> _INSTRUCTIONS FOR THE TASK_:
Print nothing beyond the line with "PARKER HOUSE BUTTER ROLL_1": every line from the beginning of the data up to it, that line included, and no pictures.

Data extracted from a collection
---+---

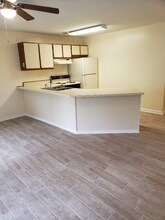 Building Photo - 3700 Golf Colony Ln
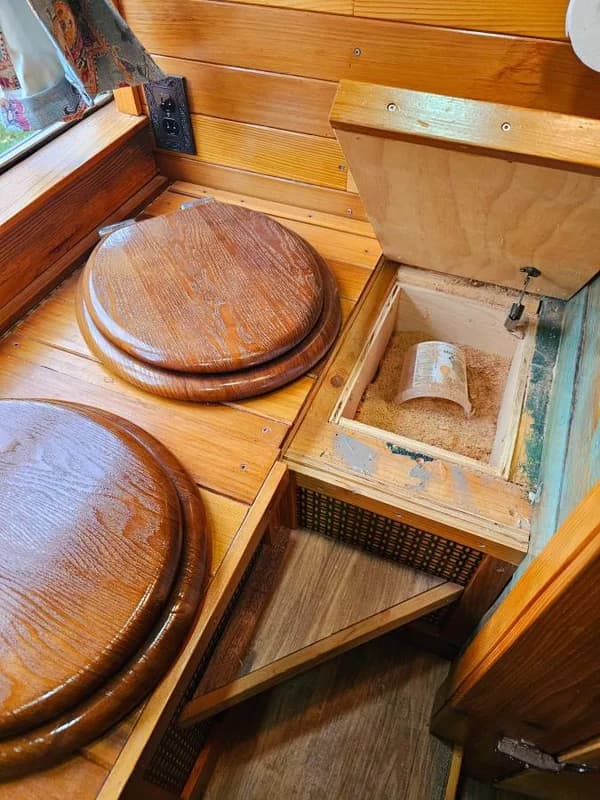 Fully Off-Grid Skoolie Tiny Home on Wheels – Luxury Conversion Bus 15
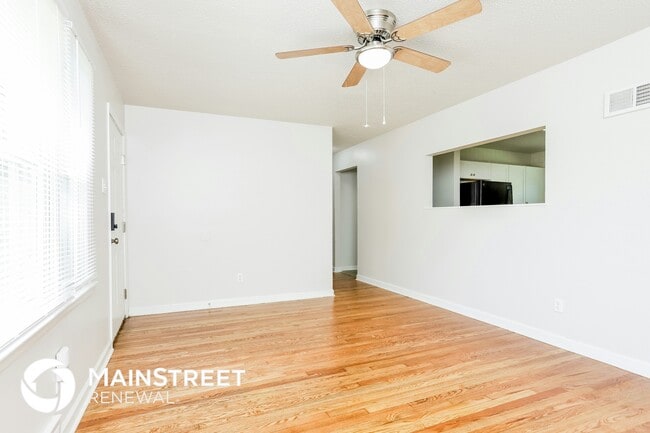 Photo - 1455 Broadlawns Ln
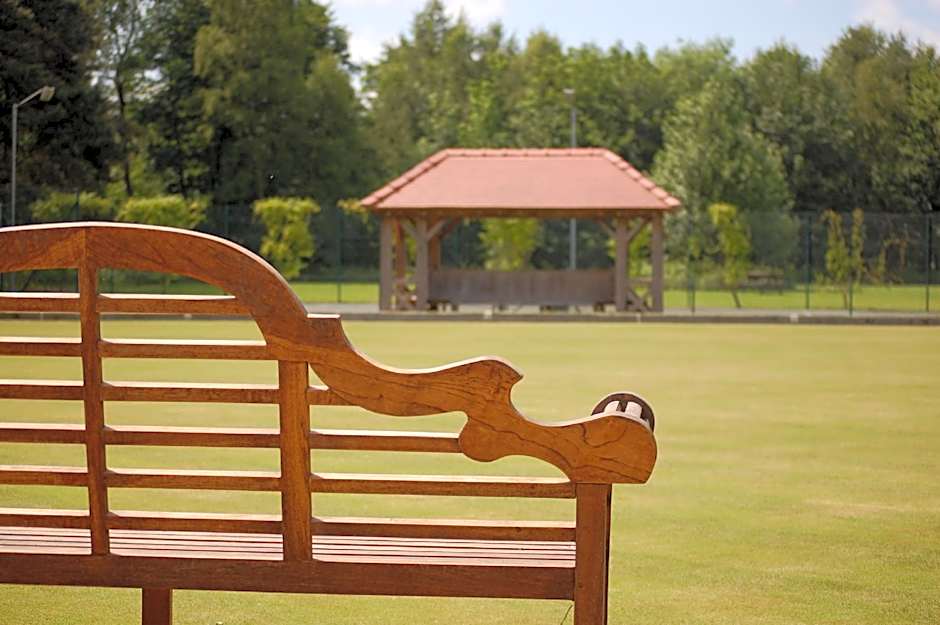 Hollicarrs - Newlands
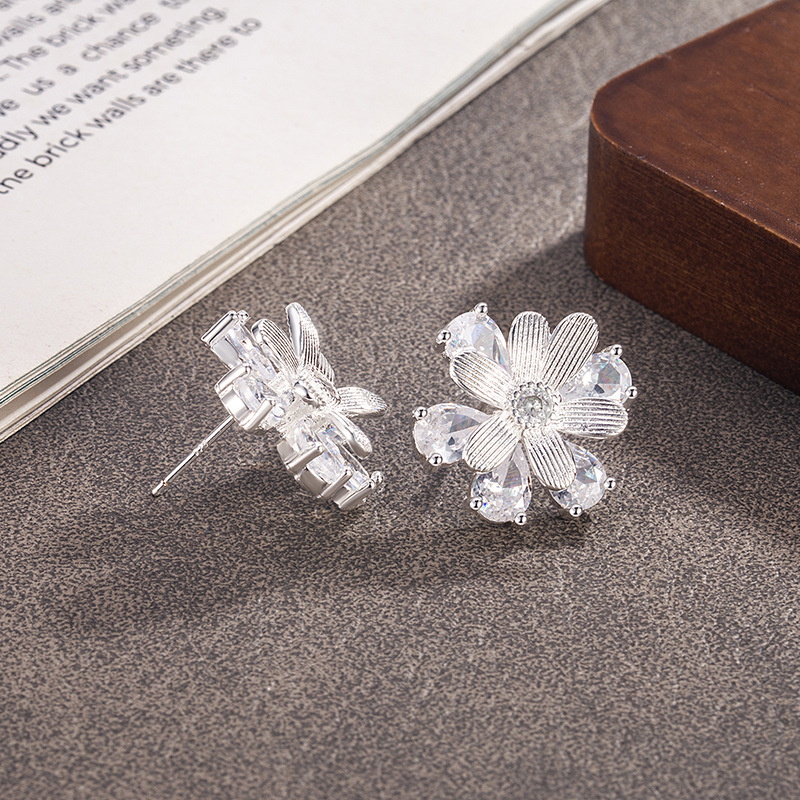 Women's Exquisite Double-layer Zirconium Flower Ear Studs
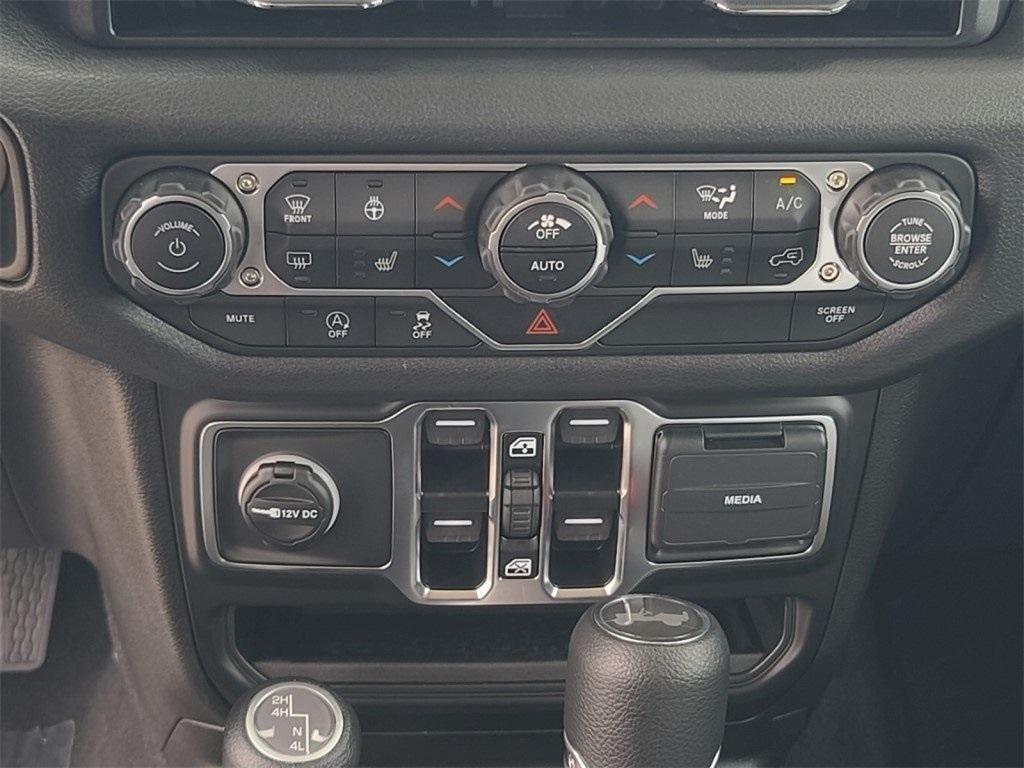 new 2025 Jeep Wrangler car, priced at $45,871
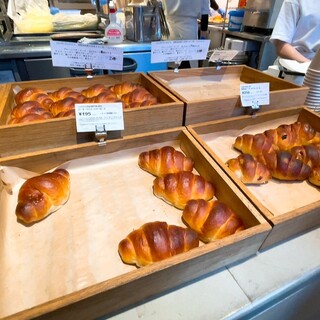 PARKER HOUSE BUTTER ROLL_1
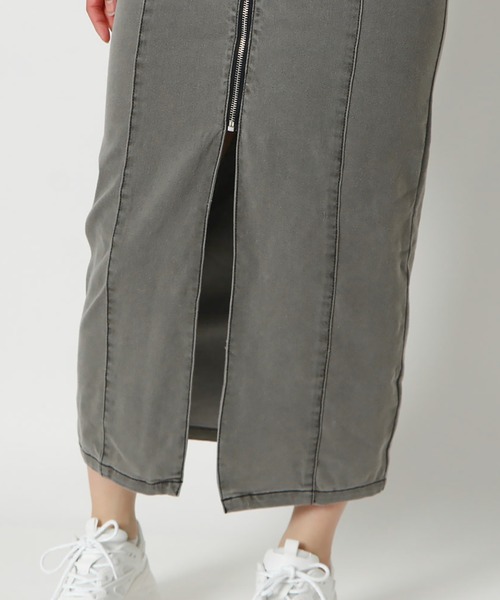 GORGE(ゴージ)の「《スリット×タイトライン》レディース デニムロングワンピース ジップデザイン 春夏秋(ワンピース・レディース・ブラック/ブルー・F)」の22枚目の写真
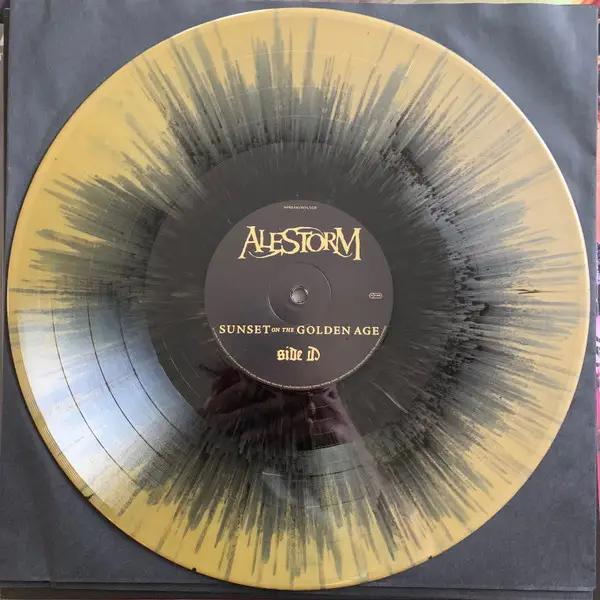 Alestorm - Sunset On The Golden Age (2 платівки, Чорний, Золотий, Бризки, Record Store Day, Лимітоване, Спеціальне видання) - фото №10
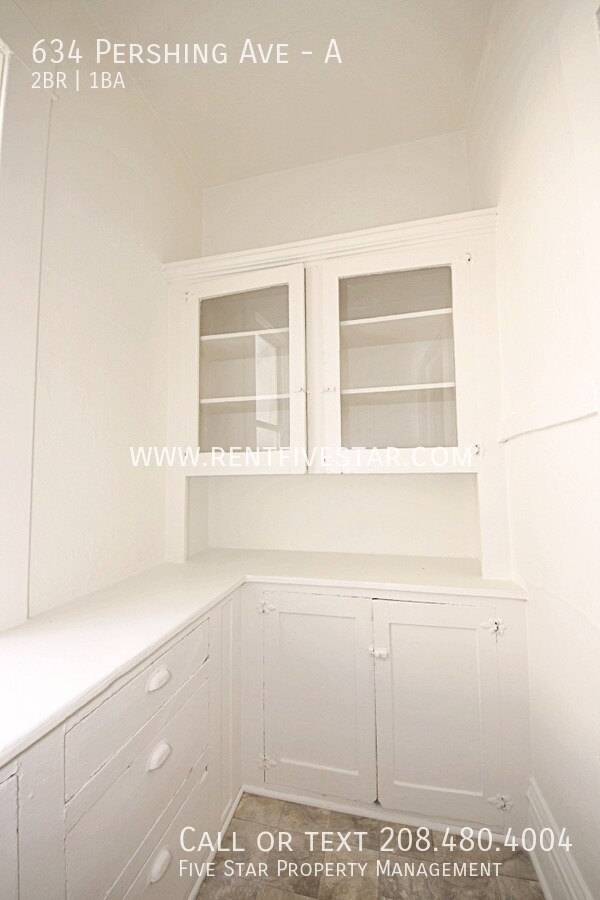 Building Photo - 634 Pershing Ave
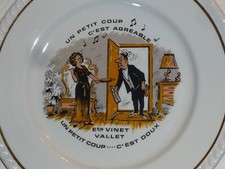 ANCIENNE ASSIETTE PUBLICITAIRE HUMORISTIQUE ETS VINET A VALLET  VIN BLANC ROUGE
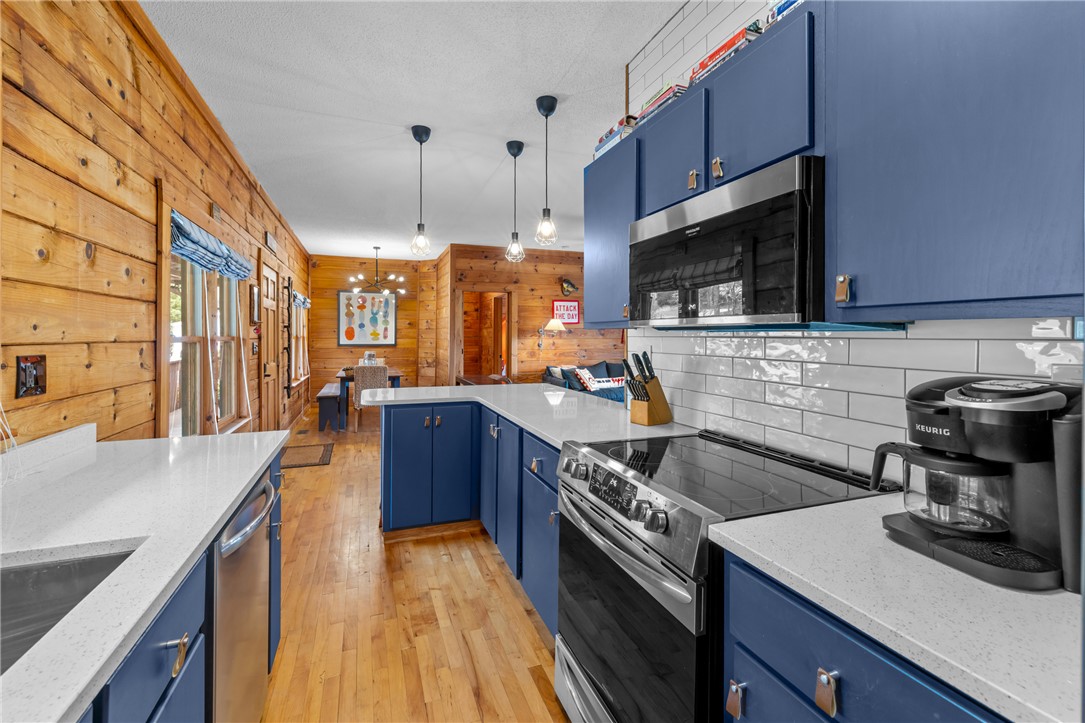 203 Little Lane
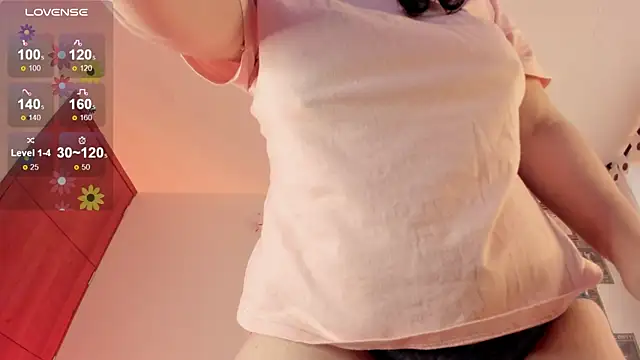 Snapshot of lylah_brosst chatting on March 15, 2025, 9:27 pm lylah brosst online show from March 15, 2025, 9:27 pm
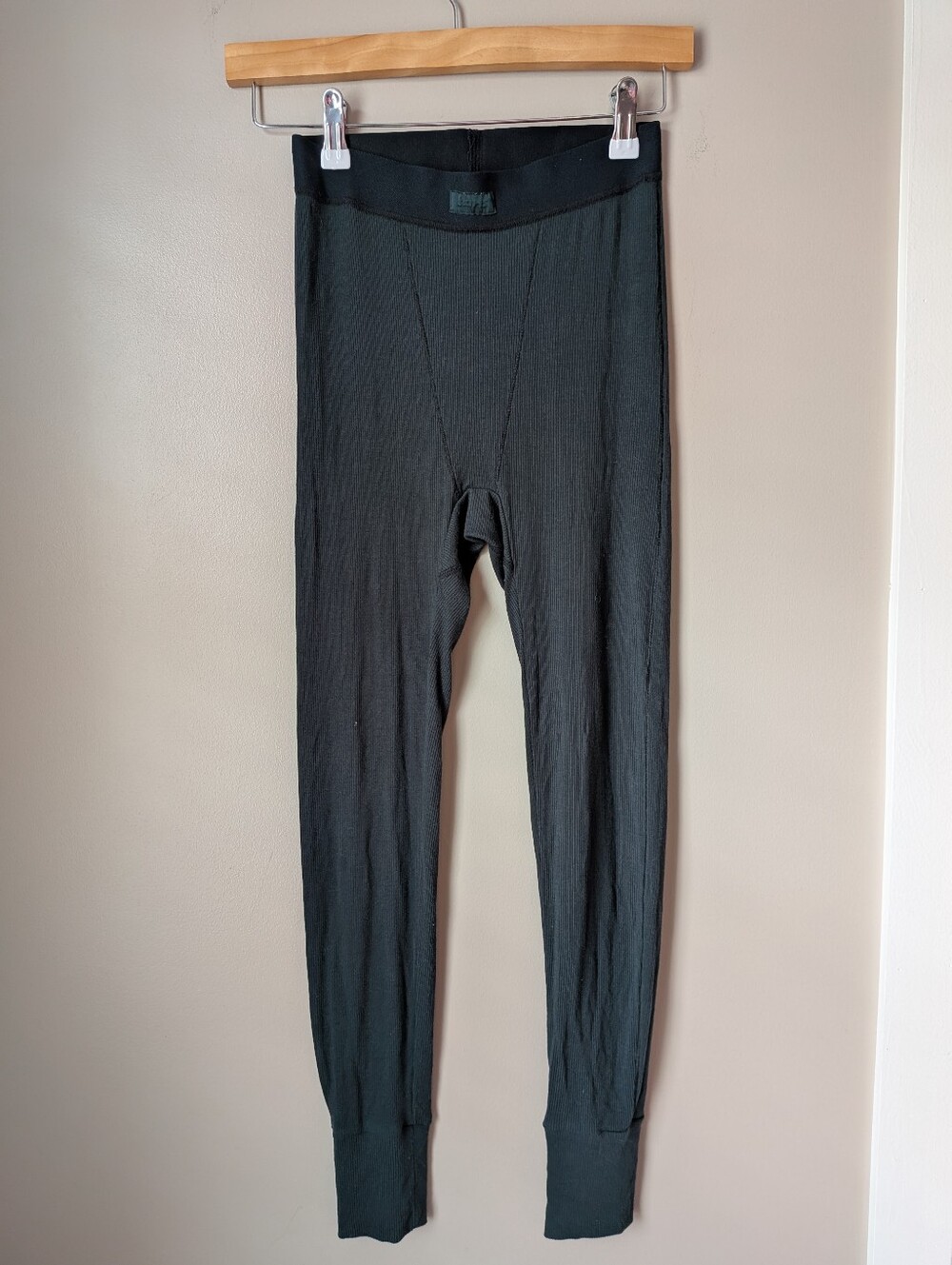 SKIMS rubbed dark green soot cotton leggings #thermal #activewear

---+---

> _RESPONSE TO THE EXERCISE_:
 Building Photo - 3700 Golf Colony Ln
 Fully Off-Grid Skoolie Tiny Home on Wheels – Luxury Conversion Bus 15
 Photo - 1455 Broadlawns Ln
 Hollicarrs - Newlands
 Women's Exquisite Double-layer Zirconium Flower Ear Studs
 new 2025 Jeep Wrangler car, priced at $45,871
 PARKER HOUSE BUTTER ROLL_1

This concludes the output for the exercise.